Parsing protobuf at 2+GB/s: how I learned to love tail calls in C (2021)

Compiler support and tail-call attributes

  • [[musttail]] in Clang/LLVM guarantees tail calls or emits an error; GCC is adding a compatible feature. This is crucial for designs where stack growth would be fatal.
  • Many ABIs make tail calls hard; compilers may alter call sequences (e.g., no-PLT calls) to honor musttail. Complete Scheme-style guarantees are seen as unrealistic.
  • New calling conventions like preserve_none (and older preserve_all) are used to reduce register spills in tail-call-heavy interpreters; musttail + preserve_none is highlighted as a powerful combo.
  • There is a C23/C-standard attribute system, plus -foptimize-sibling-calls, but these do not provide the “fail if not tail-called” guarantee.
  • A C proposal (“return goto expr;”) would add standardized tail calls with explicit semantics around object lifetimes; some argue it’s easier to implement than [[musttail]].

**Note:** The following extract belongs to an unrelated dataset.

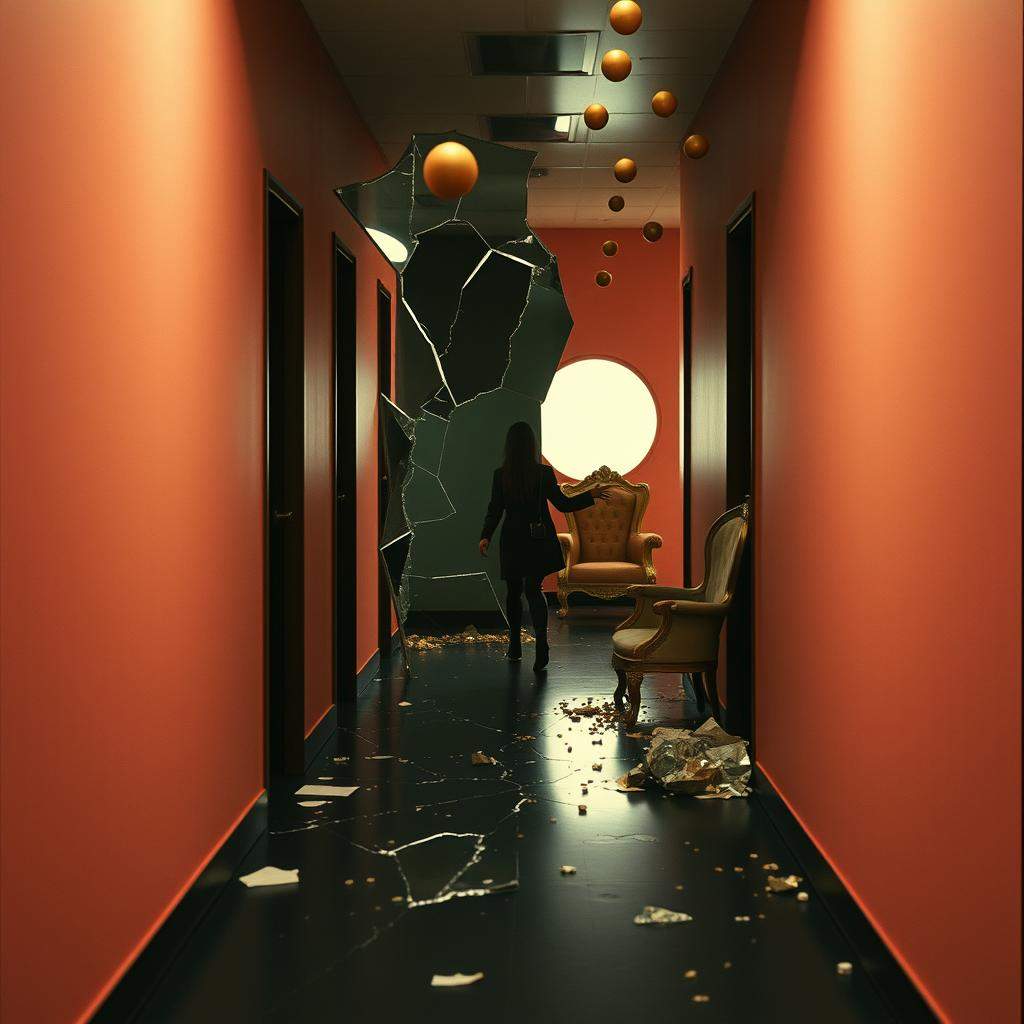 Different On Purpose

Interpreter design and performance

  • Traditional VM style is a loop with a big switch, or computed gotos. This is readable and portable but leads to:
    • Poor branch prediction (one indirect branch for all opcodes).
    • Huge, hard-to-optimize functions and fragile register allocation.
  • Tail-call threaded interpreters (one function per opcode, calling the next via musttail) give:
    • One indirect branch per opcode, which matches branch predictors better (Markov-chain-like).
    • Smaller functions with better register allocation and fewer spills.
  • Trampolines (returning a function pointer to an outer loop) are portable but likely slower and harder on branch prediction.
  • Fallback/slow paths and error handling can force stack frames and spills; placing them in separate functions and sometimes tail-calling them is key both for performance and to avoid unbounded stack growth.

Portability, language evolution, and extensions

  • Using musttail creates a non-standard C dialect; some see this as acceptable compared to writing assembly. Others emphasize the risk of silent stack overflows when attributes are ignored.
  • Common practice is to hide attributes behind macros so code compiles on compilers that don’t support them, trading hard guarantees for “best effort.”
  • There is debate over language extensions: some see them as necessary evolution (and common in real-world C), others as ecosystem “sprawl” reminiscent of browser-era vendor quirks.
  • Some welcome new energy in C (e.g., C23), while others worry C will accumulate C++-style complexity if features like function literals and more are added without restraint.

Safety and tail calls in other languages

  • Scheme’s guaranteed tail-call optimization drove techniques like CPS and trampolines; lack of TCO in targets (C, JavaScript) hurts performance.
  • Rust has explored a become keyword to guarantee tail calls but drops/destructors make most apparent tail calls invalid in practice.
  • In C++ and Rust, destructors and cleanup attributes generally block tail calls; musttail is disallowed in such contexts and when exceptions/destructors are active.
  • There is a strong subthread arguing C’s unsafety is no longer acceptable for many domains, countered by claims that C remains foundational and can be made safer with tooling.